At this point, your driver should pass the test test_touch_crash.bash; equivalently, you should pass the "touch" test when doing make grade. The test checks the following:

Calling $ touch mnt/[file] creates a log entry for mknod and creates a file.
If a commit ioctl is received after the file is created, the file re-appears when the driver is restarted.
If no commit ioctl is received after the file is created, the file does not re-appear when the driver is restarted.

Using the same pattern as in Exercise 3, modify the following functions to use transactions: fs_write, fs_link, fs_unlink, fs_rename, and fs_truncate. See the prior exercise for standard C library calls that may be useful.

It will be easiest to do this by changing one function at a time. You can use the scripts provided in test/ and make grade to test your solution.
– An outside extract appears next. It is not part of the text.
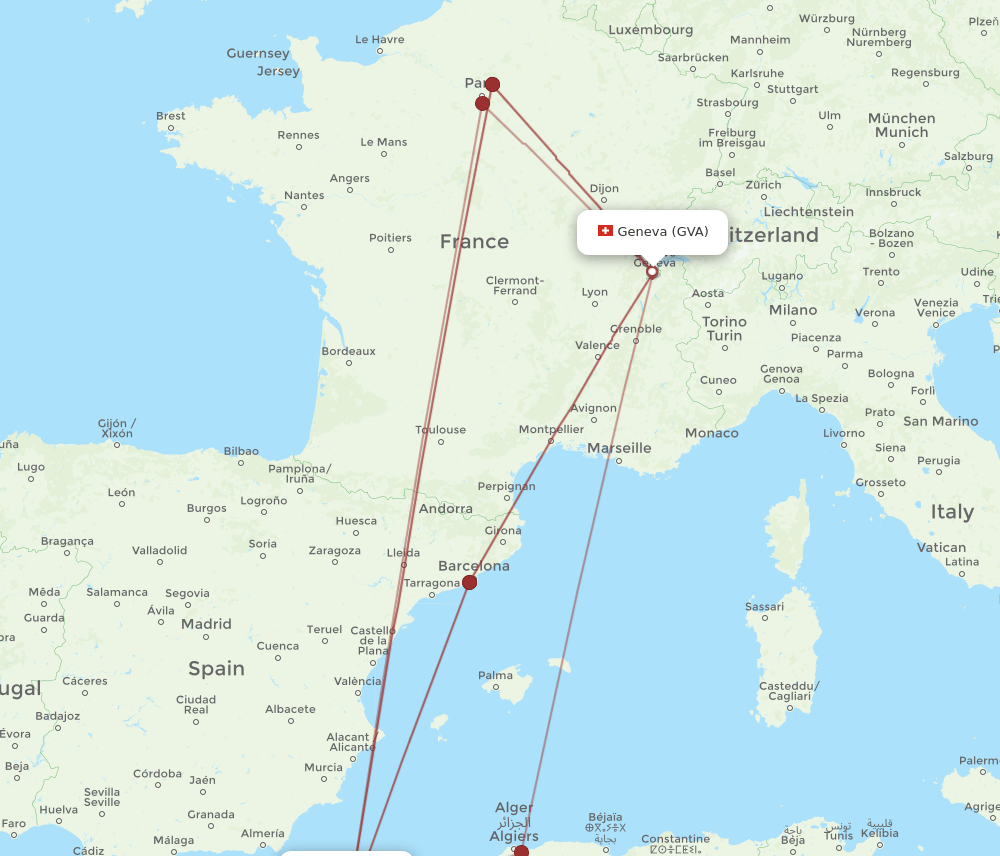 ORN-GVA flight routes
After modifying fs_write, you should be able to pass the "echo", "time", "big_txn" and "many_txn" tests.
After modifying fs_truncate as well as fs_write, you should be able to pass the "truncate" test.
After modifying fs_rename, you should be able to pass the "mv" test.
After modifying fs_link, you should be able to pass the "link" test.
After modifying fs_link and fs_unlink, you should be able to pass the "unlink" test.

Handing in the lab

After a successful submission, you should receive email confirmation (at your NYU email address).

If you submit multiple times, we will take the latest submission and count slack hours accordingly.